*WORK REQUEST*. Before copying, set the pictures aside; then repeat every line below verbatim.

Records drawn from a dataset:
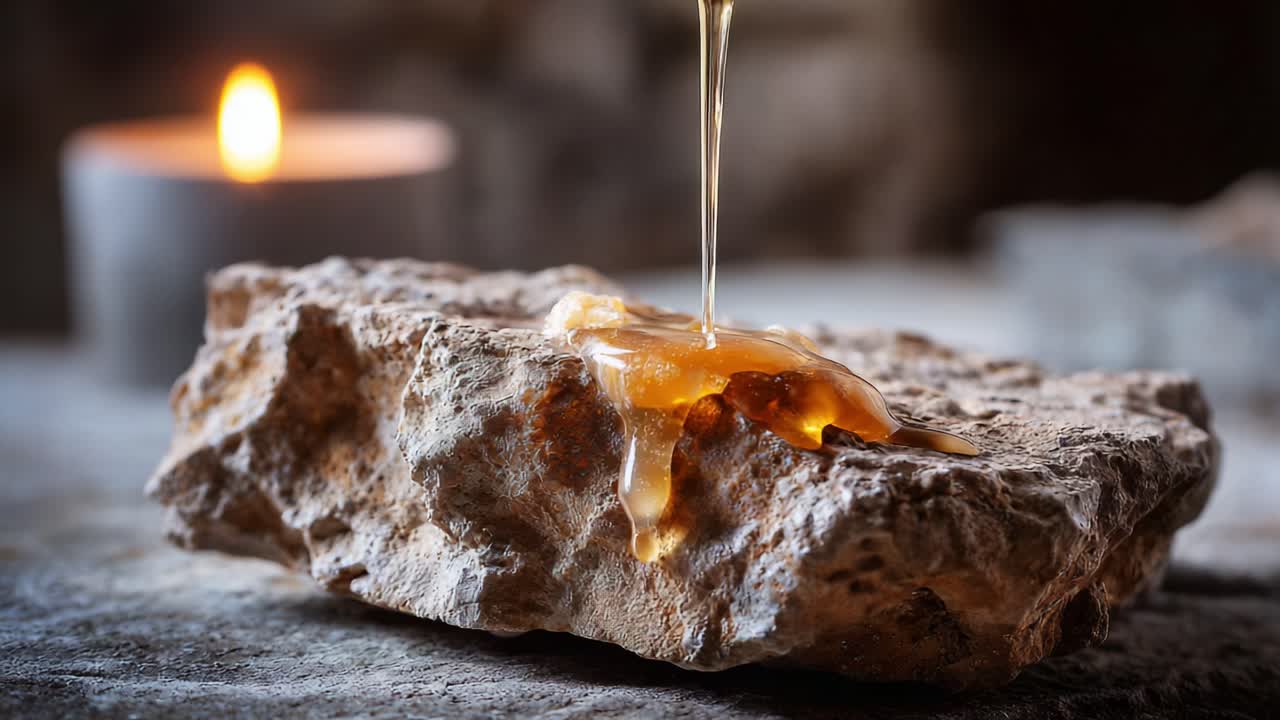 Resina ambrata dorata che gocciola da una pietra naturale con riflessi di luce di candela, catturando una serena ambientazione minimalista in toni e texture caldi e naturali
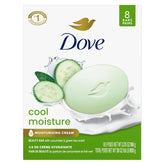 Dove Cool Moisture Beauty Bar Soap 8 Count, Refreshing Cleanser, 3.75 oz I Moisturizing beauty bar with cucumber and green tea scent for refreshed, soft skin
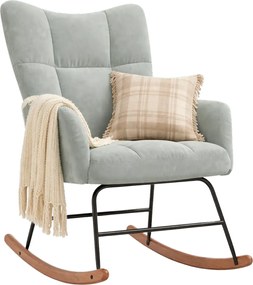 Jasnoszary fotel wypoczynkowy na płozach R7-K48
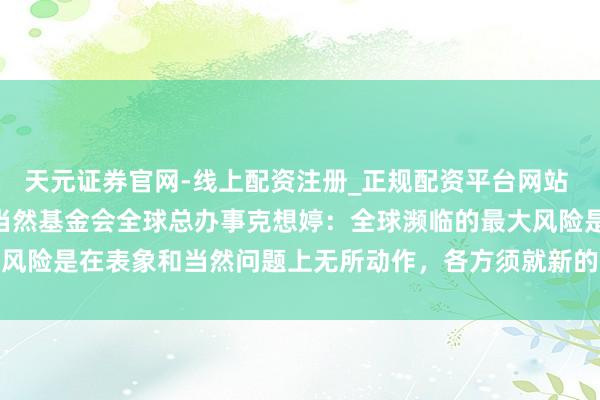 天元证券官网-线上配资注册_正规配资平台网站 共话达沃斯 | 专访天下当然基金会全球总办事克想婷：全球濒临的最大风险是在表象和当然问题上无所动作，各方须就新的表象融资盘算达成一致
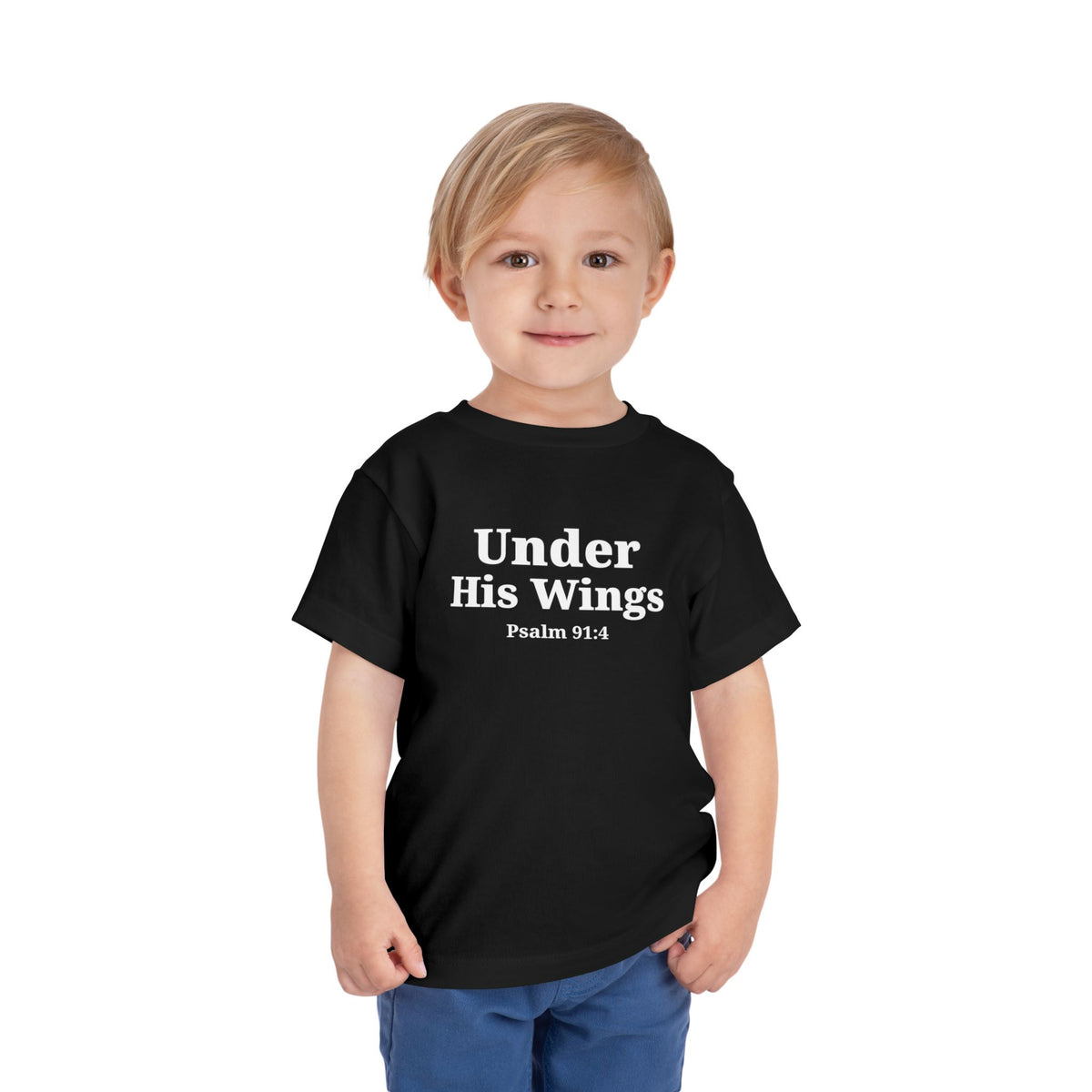 Toddler "Under His Wings" Psalm 91:4 Tee — Faith-Based Kids Shirt (Bella Canvas)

*ANSWER BOX*.
 Resina ambrata dorata che gocciola da una pietra naturale con riflessi di luce di candela, catturando una serena ambientazione minimalista in toni e texture caldi e naturali
 Dove Cool Moisture Beauty Bar Soap 8 Count, Refreshing Cleanser, 3.75 oz I Moisturizing beauty bar with cucumber and green tea scent for refreshed, soft skin
 Jasnoszary fotel wypoczynkowy na płozach R7-K48
 天元证券官网-线上配资注册_正规配资平台网站 共话达沃斯 | 专访天下当然基金会全球总办事克想婷：全球濒临的最大风险是在表象和当然问题上无所动作，各方须就新的表象融资盘算达成一致
 Toddler "Under His Wings" Psalm 91:4 Tee — Faith-Based Kids Shirt (Bella Canvas)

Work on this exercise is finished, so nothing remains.